DETROIT—The robots aren't just coming—they're here, and North American industry has continued to adopt automation at record rates. In the first quarter of 2022, companies in the U.S., Canada, and Mexico ordered 11,595 industrial robots—up 28% compared with the first quarter of 2021, according to the International Federation of Robotics.
Revenue rose by 43% and reached a value of $664 million (U.S.). The International Federation of Robotics (IFR) said this follows a positive trend worldwide. Its preliminary data for 2021 showed that 486,700 industrial robots were installed globally, for a 27% increase year over year.
“The [COVID-19] pandemic spurred the growth of robotics in the U.S.,” said Dr. Susanne Bieller, general secretary of the IFR. “The 'Big Quit' in response to working conditions has led to labor shortages particular to the U.S.”
How does that compare with other regions? “In Europe, Japan, and China, the problem is an aging workforce,” Bieller told Robotics 24/7 at Automate 2022 here. “But the new record growth in North America is due to many trends.”
Automotive orders increase
In North America, automotive manufacturers and component providers accounted for 47% of robot orders in Q1 2022, growing by 15% year over year, said the IFR. Several car makers have announced investments to further equip their factories for new electric vehicles or to increase capacity for battery production.
These projects will continue to create demand for industrial robots in the next few years, the IFR predicted. The U.S. has the second-largest production volume of cars and light vehicles in the world, following China. Worldwide installations of industrial robots in the automotive sector reached 109,400 units in 2021, a 37% year-on-year increase.
“A strong recovery of the international robotics markets is currently in progress,” stated Milton Guerry, president of the IFR. “Worldwide installations of industrial robots in 2021 even exceeded the record year 2018.”
“In North America, first-quarter order volumes for both units and revenue were at all-time highs,” he added. “Across industries, the post-COVID-crisis boom created double-digit growth over the same quarter of last year.”
Non-automotive sectors surpass automotive
In seven of the past nine quarters, general industry ordered more robots than automotive customers, noted Bieller.
In North America, automotive robotics orders in Q1 2022 were 5,476 units, while non-automotive customers ordered 6,122 units in the same period.

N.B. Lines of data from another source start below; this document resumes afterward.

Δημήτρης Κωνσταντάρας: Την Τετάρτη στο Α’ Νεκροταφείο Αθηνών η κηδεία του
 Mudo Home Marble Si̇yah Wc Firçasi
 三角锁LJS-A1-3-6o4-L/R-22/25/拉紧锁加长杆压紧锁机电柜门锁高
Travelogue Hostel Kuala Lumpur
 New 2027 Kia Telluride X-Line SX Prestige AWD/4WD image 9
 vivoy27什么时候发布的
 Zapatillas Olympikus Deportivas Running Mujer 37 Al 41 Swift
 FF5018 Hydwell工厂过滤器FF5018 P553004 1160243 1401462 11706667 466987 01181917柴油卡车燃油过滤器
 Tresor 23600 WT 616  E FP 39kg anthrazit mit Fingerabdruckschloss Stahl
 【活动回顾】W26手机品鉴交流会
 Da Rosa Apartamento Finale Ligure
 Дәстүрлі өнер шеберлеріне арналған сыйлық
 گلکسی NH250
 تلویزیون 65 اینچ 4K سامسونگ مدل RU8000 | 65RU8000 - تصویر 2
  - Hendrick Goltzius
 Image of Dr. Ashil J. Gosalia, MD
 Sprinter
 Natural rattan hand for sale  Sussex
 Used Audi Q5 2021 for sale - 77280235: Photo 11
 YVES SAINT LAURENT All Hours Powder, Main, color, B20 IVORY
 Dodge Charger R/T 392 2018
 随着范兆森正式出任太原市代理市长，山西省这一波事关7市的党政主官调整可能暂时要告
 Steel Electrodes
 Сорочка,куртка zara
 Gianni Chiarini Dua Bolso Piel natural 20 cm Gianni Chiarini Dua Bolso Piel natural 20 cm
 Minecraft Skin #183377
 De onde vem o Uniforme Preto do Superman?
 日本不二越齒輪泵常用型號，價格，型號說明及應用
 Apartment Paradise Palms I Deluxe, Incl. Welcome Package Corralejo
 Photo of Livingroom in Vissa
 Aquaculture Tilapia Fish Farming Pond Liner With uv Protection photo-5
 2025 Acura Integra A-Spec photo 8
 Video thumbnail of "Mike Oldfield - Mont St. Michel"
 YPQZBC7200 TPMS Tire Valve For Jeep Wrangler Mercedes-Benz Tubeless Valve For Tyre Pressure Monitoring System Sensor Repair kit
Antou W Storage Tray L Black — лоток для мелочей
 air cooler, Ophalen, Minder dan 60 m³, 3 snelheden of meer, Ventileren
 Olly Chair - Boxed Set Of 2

Worldwide, the electrical and electronics industry is the strongest adopter, with a record of 132,200 units installed in 2021, reported the IFR.
“The spike in demand in electronics — in part because of everyone working from home and needing new equipment and IIoT [the industrial Internet of Things]—helped drive robotics' growth,” Bieller said.
Robotics and automation transform North American economy
“While the IFR's numbers lag A3's numbers because we and others report to them, they and the strong attendance at Automate indicate the rapid growth in North American robotics,” said Jeff Burnstein, president of the Association for Advancing Automation (A3), which is hosting the trade show and conference.
“A common theme we're hearing is how labor shortages are driving investment into automation,” he told Robotics 24/7.
At Automate yesterday, industry leaders discussed how robotics and automation are transforming the North American economy in an executive roundtable co-sponsored by the IFR and A3. The IFR's YouTube channel will feature key statements of executives from the two organizations, as well as some from FANUC America, Teradyne, UPS, Zebra Technologies, and NVIDIA.